In a typical twist of A-Rod oddness, the suspension came down on the day he will play his first game for the Yankees in 2013. After an injury rehab stint so long that some suspected the Yankees were trying to keep him off the field intentionally—Cashman, the GM who didn’t really want him back in 2007, at one point publicly told A-Rod to “shut the fuck up” when he seemed to contradict the Yankee doctors—he will finally take the field in Chicago tonight. He will appeal the suspension, which means he’ll be playing for the foreseeable future.
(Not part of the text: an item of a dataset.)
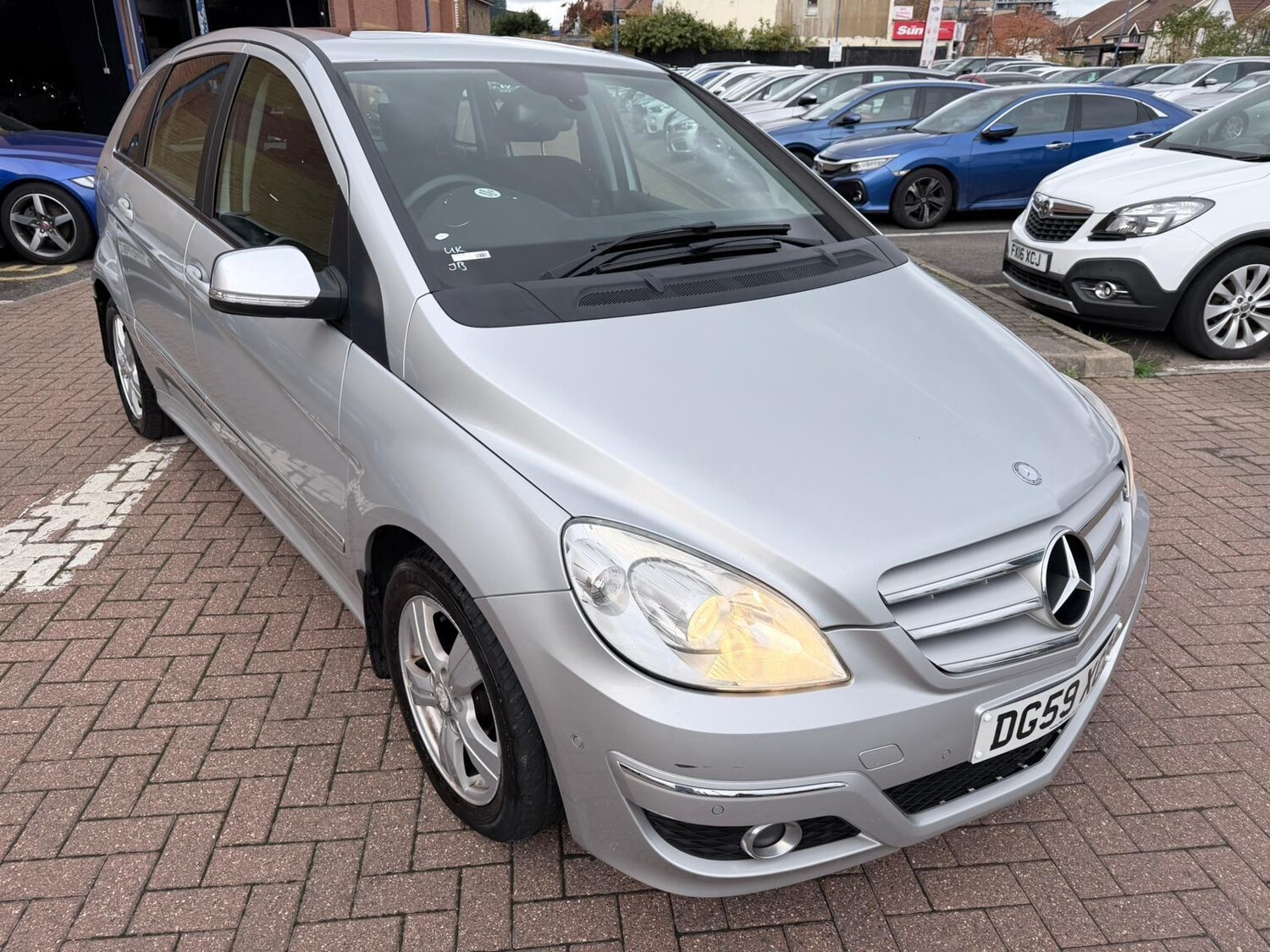 Used Mercedes-Benz B Class for sale - 76992758: Photo 13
His return will make the next two months a complete circus for a Yankee team desperately trying to stay in the playoff picture. On the one hand, the Yankees’ third basemen this season have been atrocious, and even a shell of a past A-Rod will likely be an upgrade. But despite his real upside in that sense, it is clear that no one wants him here. His team’s front office almost certainly wishes the Commissioner’s Office had gone through with its threat to ban A-Rod for life, thus freeing the Yankees of his burdensome contract. His teammates say all of the right things, but even the unflappable Rivera grew peeved at reporters last night, when the only thing they asked him about was A-Rod’s impending return. A-Rod was never a popular figure with the Yankee fan base, and though 2009 will keep him from landing in the Yankee Ring of Hell with the likes of Carl Pavano and Kevin Brown, he’s now in a purgatory that will require a mythic performance if he has any hope of escaping. And that is his own team: for the rest of baseball he is a pariah, all of the worst suspicions about his questionable character now confirmed.
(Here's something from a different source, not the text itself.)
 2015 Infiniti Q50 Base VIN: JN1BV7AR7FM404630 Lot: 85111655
Even if he puts the Yankees in his back for the rest of this season, even if his appeal is successful, A-Rod’s legacy is now secure. He could have tailed off after 2009 and slumped to an early retirement; while perhaps not beloved, he would have been respected as a pretty good hitter, perhaps worthy of some sympathy both for the media that marked him as a target and his earnest desire to win that messed with his head when he came to the plate in October. Instead, he struck out again, and cost himself even the defenders who were willing to give him breaks through his playoff struggles and off-field escapades (of which I was one). A-Rod is now the player who got a doctor whom he had never to met—a man once disciplined by the state of New Jersey for irregularities in the prescription of steroids—to go on the interview circuit contradicting his team’s claims about his health.

And so the A-Rod saga has now become a full-fledged soap opera; the sort of macabre spectacle that baseball fans will claim to hate all while riveting themselves to each and every new detail. He has become bigger than his team and bigger than the game, but he still stubbornly believes he can win everyone over and reclaim some of that past glory. Most likely he is deluded, though one never truly knows when it comes to legendary figures. Thinking of A-Rod in such abstract terms may be the only way for Yankees fans to cope with their returning third baseman, as they certainly cannot embrace him as they do with their other stars. The man is now a myth, a lesson to us all of the dangers of excess, one whose ongoing story may reveal yet more about the endless human capacity for self-deception. For all the undeserved fixations over the trivial details of A-Rod’s life, for all of the possibly troublesome tactics the Commissioner’s Office used in its push to find itself a scapegoat for the steroid era it so badly mismanaged, he will deserve every boo he hears.